A proper housing insulation would be one of the biggest things we can do.
Alternative energy, how we build houses, how we maintain things, transport infrastructure is a huge one – deregulated bus and rail services which are integrated, that aren’t too expensive, that work for people.
If every bus group has to make a profit, then that puts 20 people in cars that cause air pollution, that block up congestion, make us inefficient – we need to think wider, not everything has to make a profit, everything should support our planet.
There are hopes of the Northwich to Sandbach railway line being reopened for passengers – would this be something you support?
I support it absolutely. The rail network has got to be the biggest investment we have, not on vanity projects like HS2 that will be drawing so much to London, but we need to be able to travel around the north cleanly and efficiently by rail.
HS2 is ill thought through and just done for political vanity. The kind of money we are talking about – we are up to £100 billion – it would be far better spent on improving the infrastructure we have.
At the same time Northwich passengers have been let down by poor service and broken promises on the mid Cheshire rail line – what should happen to Northern?
It clearly has to be nationalised for the greater good of the whole area. One rail line does not need to make a profit, if it is cheap and effective people will use it.
We’ve seen on the East Coast Mainline, twice it has been brought back into public ownership and it makes a profit, but it can’t make a profit when it is privately owned.
Poverty has risen in the past decade – the Green Party is proposing a universal basic income, is that the right approach?
We have to look for new ways of doing things. When we have a social services system that is used as a political football it can be increased by one party and slashed by another.
But if you start from a place where we expect a universal standard for our citizens, and it is fairly distributed and fairly taxed, then it changes how we feel about the whole system and it gives people opportunity without stigma and without judgement.

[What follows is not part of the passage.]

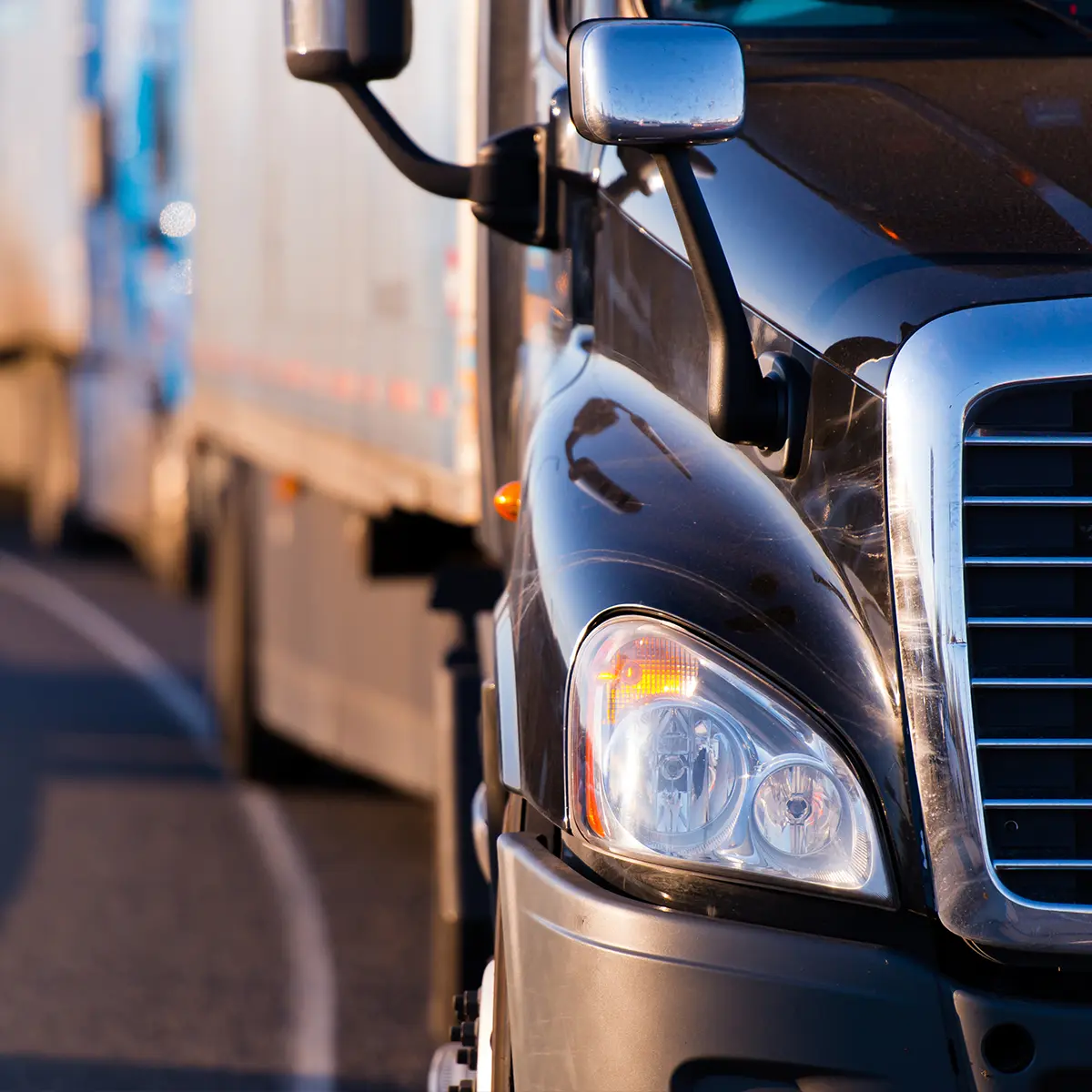 Close-up of a black semi-truck on the road, representing TurboTrack’s real-time asset tracking with Motorola radios and satellite technology.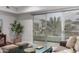 View from the living room to the balcony with sliding glass doors and potted plants and outdoor furniture at 16580 N 92Nd St # 2003, Scottsdale, AZ 85260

Is it right that even the richest people in our society should be entitled to that money though?
If you give a millionaire UBI the flipside is they will also be getting taxed more on bands higher up, so we will be taxing the rich higher.
But they might feel more at ease in the society they live in knowing that their good fortune is helping others.
The NHS has been hit by funding cuts over the past decade, and A&E performance hit a new low this month. How can this be turned around?
Obviously it needs funding properly, that is absolutely a fact, but we need to take a look.
So many of our problems with mental health come with a lack of opportunity to be with nature – which I know sounds hippy-ish but all the studies show that the more you are out there the better you feel.
Plus our working conditions – people on zero hours contracts, under enormous stress, people on well paid with enormous mortgages.
So much of it is how we live, so absolutely it has to be funded properly, but we have to be looking at our wellbeing – instead of measuring our economic output, we should measure our wellbeing as a society.
The Green Party wants a second referendum and to remain in the EU – why is that the right answer, and could it cause more Brexit division?
If there is a vote to leave again the Green Party would respect that and we would have to get on with it.
Being part of a union of 27 countries means you can get so much more done – climate change doesn’t respect borders, we have to work with everybody we can.
It’s hard for anybody to argue that we don’t know more about Brexit now than we did then. It’s a binary question that has a million answers. Now we would have a deal, against remain, that would be a far more democratic vote.
But there’s no magic wand. The damage the referendum has done is deeply set. My hope would be that we all take the climate emergency seriously and that unites us, because it affects everybody.
Finally, you have a day off – no work or campaigning to do. How would you spend your ideal day in Cheshire?
I’ve got two dogs, three kids – we would go for a long walk and a pub lunch.
A favourite spot for the walk?
Helsby Hill – but there are so many places. We have got fantastic countryside.